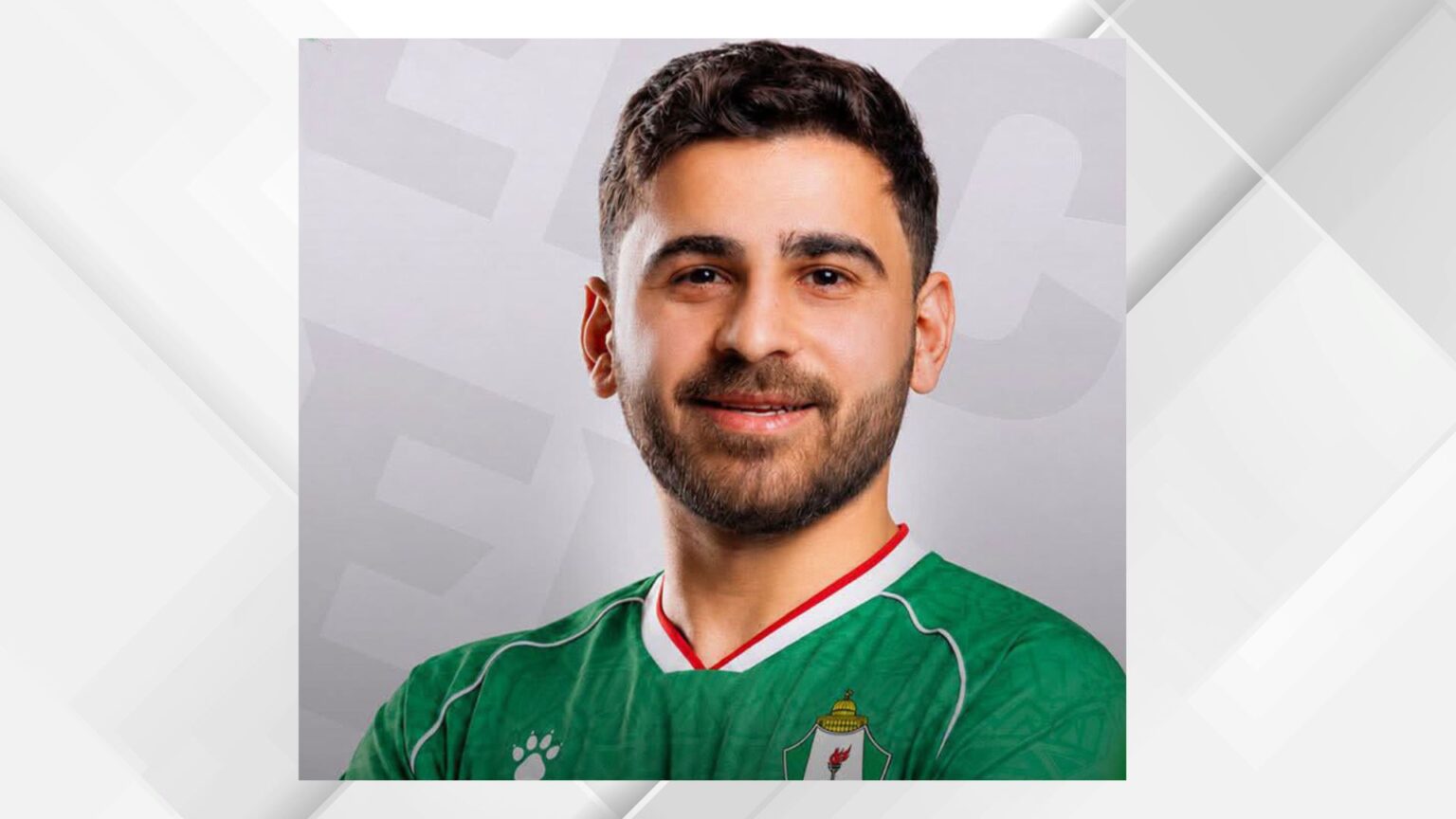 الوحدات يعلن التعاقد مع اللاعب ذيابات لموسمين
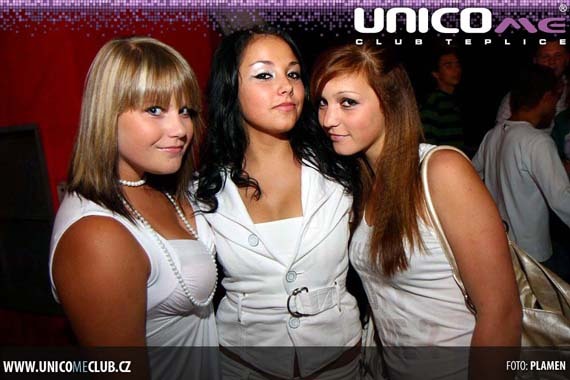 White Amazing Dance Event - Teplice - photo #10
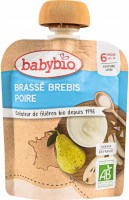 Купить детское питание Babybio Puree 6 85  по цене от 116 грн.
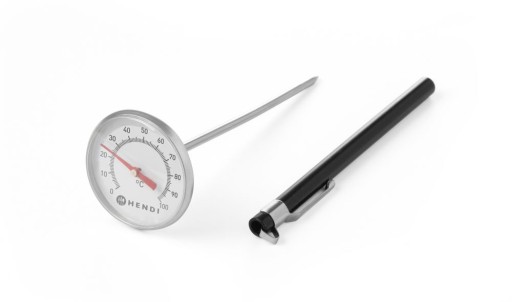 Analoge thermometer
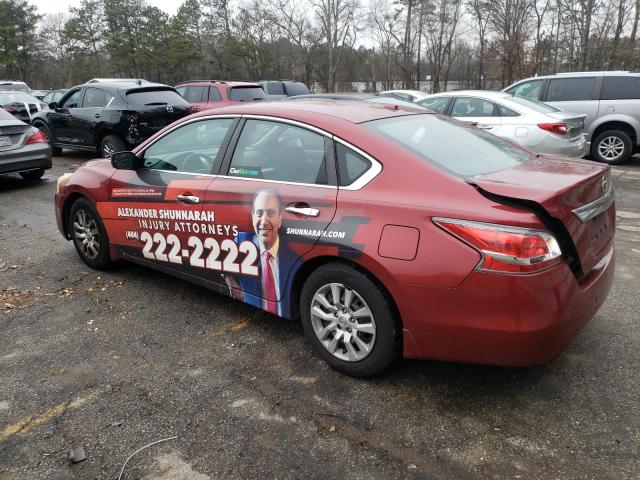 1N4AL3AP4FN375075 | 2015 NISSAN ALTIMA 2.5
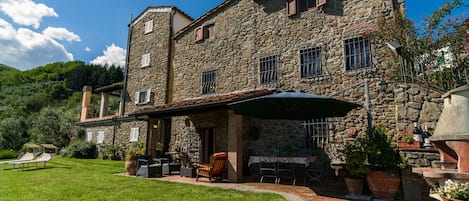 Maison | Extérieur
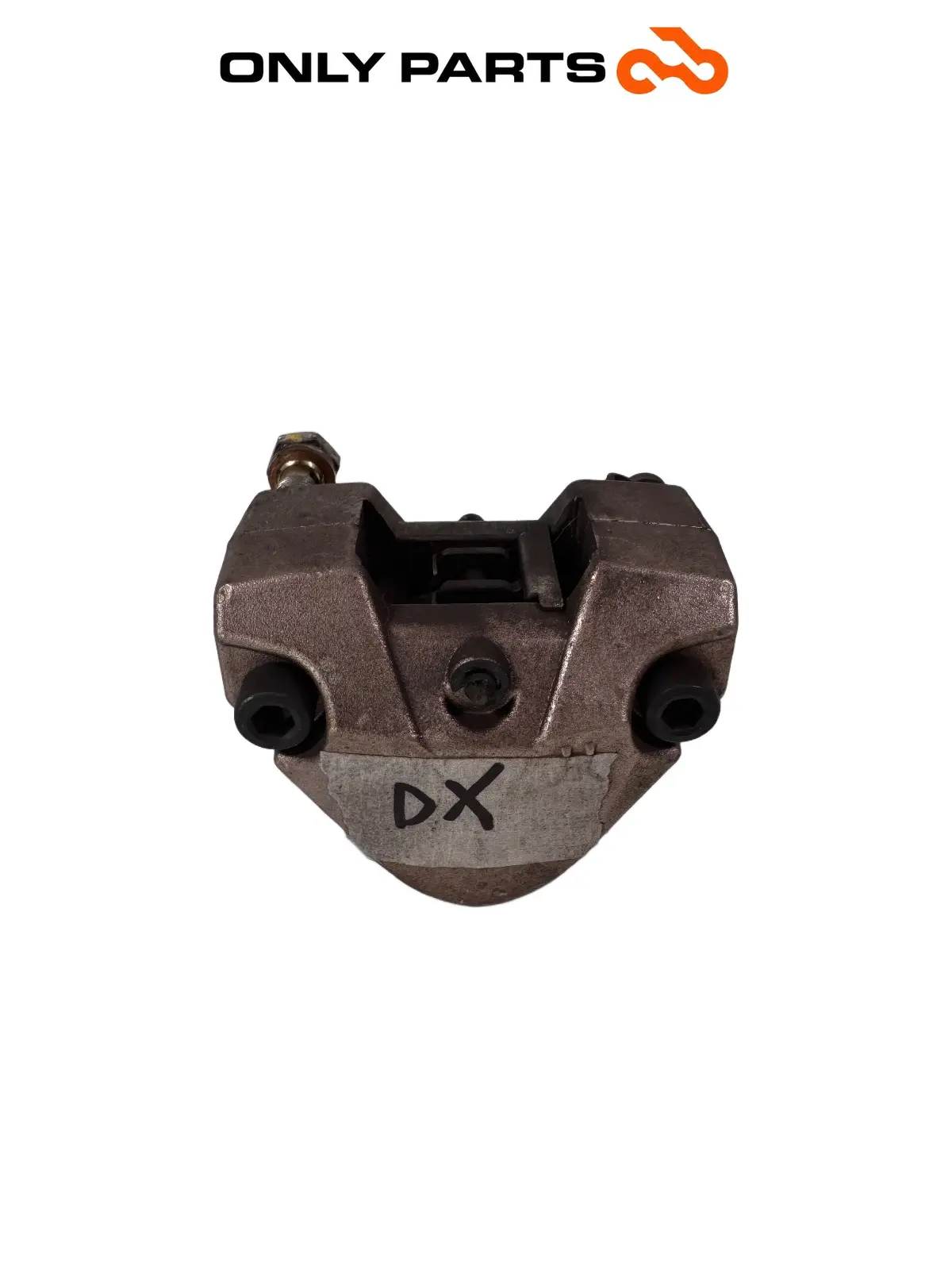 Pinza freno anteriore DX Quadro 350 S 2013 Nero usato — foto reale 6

-- -- --

=== WHAT THE TASK ASKS ===
The material must be returned exactly, with its pictures omitted.

=== TASK RESULT ===
 الوحدات يعلن التعاقد مع اللاعب ذيابات لموسمين
 White Amazing Dance Event - Teplice - photo #10
 Купить детское питание Babybio Puree 6 85  по цене от 116 грн.
 Analoge thermometer
 1N4AL3AP4FN375075 | 2015 NISSAN ALTIMA 2.5
 Maison | Extérieur
 Pinza freno anteriore DX Quadro 350 S 2013 Nero usato — foto reale 6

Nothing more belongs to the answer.